David Lidington: Nine months on, DEFRA’s “Action Plan” on meat imports still not delivered

 

New EU rules, coming into force on 1 January 2003, bar travellers from bringing in meat or meat products as part of their personal allowance. But that only highlights the British Government’s failure to implement its own Action Plan.

 

Commenting, Shadow DEFRA Secretary of State David Lidington said;

 

“Foot and Mouth disease cost Britain £11 billion. Ministers say that the epidemic was caused by illegally imported meat. It’s now 15 months since the last case of Foot and Mouth and nine months since DEFRA published its so-called Action Plan.

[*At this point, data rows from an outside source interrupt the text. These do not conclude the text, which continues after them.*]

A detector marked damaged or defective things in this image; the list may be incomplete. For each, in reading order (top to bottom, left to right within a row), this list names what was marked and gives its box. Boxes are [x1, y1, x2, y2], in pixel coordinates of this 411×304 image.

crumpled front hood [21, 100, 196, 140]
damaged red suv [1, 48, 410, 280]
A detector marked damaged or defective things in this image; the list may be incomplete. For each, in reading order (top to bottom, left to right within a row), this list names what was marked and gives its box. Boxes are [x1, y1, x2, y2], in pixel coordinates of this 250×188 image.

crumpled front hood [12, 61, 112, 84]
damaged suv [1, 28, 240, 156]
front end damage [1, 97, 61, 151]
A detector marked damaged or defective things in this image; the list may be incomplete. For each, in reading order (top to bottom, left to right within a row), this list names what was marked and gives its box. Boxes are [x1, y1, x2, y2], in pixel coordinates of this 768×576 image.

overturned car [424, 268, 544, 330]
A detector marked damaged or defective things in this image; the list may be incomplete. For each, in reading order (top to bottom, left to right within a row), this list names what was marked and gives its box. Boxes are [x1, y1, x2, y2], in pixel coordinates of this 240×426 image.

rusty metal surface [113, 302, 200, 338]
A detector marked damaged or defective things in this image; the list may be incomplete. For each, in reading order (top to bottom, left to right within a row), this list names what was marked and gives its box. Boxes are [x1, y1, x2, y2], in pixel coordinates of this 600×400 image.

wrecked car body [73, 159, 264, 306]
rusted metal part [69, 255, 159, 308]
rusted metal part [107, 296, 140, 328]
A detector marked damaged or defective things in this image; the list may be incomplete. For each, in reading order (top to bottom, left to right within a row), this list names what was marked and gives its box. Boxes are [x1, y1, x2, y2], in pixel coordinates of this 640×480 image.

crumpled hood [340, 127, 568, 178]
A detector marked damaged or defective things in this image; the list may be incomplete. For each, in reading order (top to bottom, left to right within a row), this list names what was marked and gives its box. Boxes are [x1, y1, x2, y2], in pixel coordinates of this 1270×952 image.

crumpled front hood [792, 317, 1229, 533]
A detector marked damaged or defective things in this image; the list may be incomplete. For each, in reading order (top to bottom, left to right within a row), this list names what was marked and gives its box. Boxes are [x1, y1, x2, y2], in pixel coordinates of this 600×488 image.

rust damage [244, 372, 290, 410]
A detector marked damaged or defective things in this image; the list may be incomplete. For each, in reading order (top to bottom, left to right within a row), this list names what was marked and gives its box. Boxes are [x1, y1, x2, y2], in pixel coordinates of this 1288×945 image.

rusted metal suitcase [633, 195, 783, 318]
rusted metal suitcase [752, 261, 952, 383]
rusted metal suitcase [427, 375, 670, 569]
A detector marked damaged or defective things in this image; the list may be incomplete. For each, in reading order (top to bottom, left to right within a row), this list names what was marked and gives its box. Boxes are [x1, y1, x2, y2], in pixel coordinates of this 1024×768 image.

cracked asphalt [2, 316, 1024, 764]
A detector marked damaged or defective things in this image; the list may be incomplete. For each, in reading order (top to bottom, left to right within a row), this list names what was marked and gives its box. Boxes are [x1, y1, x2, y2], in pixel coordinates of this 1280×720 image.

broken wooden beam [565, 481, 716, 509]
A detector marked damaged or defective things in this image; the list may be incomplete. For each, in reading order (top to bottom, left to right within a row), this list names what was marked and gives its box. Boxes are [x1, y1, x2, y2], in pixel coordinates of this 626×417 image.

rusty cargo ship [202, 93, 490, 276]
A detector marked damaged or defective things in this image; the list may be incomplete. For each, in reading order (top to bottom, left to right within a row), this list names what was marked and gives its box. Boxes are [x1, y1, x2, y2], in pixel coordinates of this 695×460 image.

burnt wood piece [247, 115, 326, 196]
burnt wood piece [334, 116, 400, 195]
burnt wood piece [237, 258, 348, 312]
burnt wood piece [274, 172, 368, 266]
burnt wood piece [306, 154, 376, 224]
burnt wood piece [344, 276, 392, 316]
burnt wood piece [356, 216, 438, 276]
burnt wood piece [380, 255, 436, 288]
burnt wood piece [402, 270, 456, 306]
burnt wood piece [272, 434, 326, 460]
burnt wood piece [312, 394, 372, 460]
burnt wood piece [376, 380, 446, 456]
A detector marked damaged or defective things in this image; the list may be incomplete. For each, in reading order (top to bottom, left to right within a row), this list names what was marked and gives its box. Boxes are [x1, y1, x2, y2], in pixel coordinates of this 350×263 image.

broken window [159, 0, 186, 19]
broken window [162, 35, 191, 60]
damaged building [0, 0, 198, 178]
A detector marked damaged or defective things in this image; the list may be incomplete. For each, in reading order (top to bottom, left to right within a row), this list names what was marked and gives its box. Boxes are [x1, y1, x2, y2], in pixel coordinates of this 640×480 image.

Yet almost nothing has been done actually to strengthen port controls.

 

 “The Government’s sloth and incompetence on this matter is scandalous.”

 

 

ENDS

 

For further information contact the CCO Media Unit on 0207 984 8121 or David Lidington on pager 07626 802627.

 

Notes to Editors

The European Union’s Standing Committee on the Food Chain and Animal Health agreed unanimously on 20 September 2002 to introduce the interim safeguard rules – meaning that travellers entering the UK from 1 January 2003 are prohibited from the personal import of meat, meat products, milk and milk products.

 

The exceptions are powdered infant milk, infant food and special foods required for medical reasons that do not require refrigeration before consumption and are propriety branded products with packaging intact.

 

Although the Government published an Action Plan in March, the current situation was pretty well summed up by the chairman of the Royal Society inquiry, Sir Brian Follett, who when asked by the Select Committee what was missing from the Government's action plan replied with the single word ‘Action.’

 

  • The Risk Assessment (described as a ‘key element’ of the action plan on the DEFRA website) has still not been published; it was due to be published in the ‘autumn’.

 

  • Responsibility: It was announced (on 6 November 2002) that Customs and Excise would be taking over responsibility for enforcing import controls on meat and plant produce. There have been no details of the priority that Customs is to give to the task, nor any details of the budget, resources or staffing that will be available to them. The powers for enforcement officers to search baggage were extended in May 2002. The Government ‘are now reviewing powers further’ since the decisions to delegate responsibility to Customs and Excise. (HoCs WPQ, 25 Nov 2002: Column 45W).

 

  • Amnesty bins: No official amnesty bins have been installed at UK ports or airports.  Despite an ‘action group’ meeting on 22 August. (HoCs WPQ, 2 December 2002, Column 494W)

 

  • Landing cards: DEFRA on their website say they are ‘talking to the Home Office, Customs and others about the introduction of declarations on Landing Cards’. There has been no progress as yet and Mrs Beckett is unable to say when there will be. (Hansard 21 November 2002, col. 770)

 

  • Sniffer Dogs: As a pilot scheme, two sniffer dogs were put into action in August this year at Heathrow. Australia has 82 sniffer dogs to detect illegal meat. As the NFU said: ‘Two detector dogs are a start but something nearer 200 are required to provide the level of protection that British livestock deserve. Those two dogs will have their work cut out checking the 219,178 bags that arrive at Heathrow every day.’ (The Times, 20 December 2002).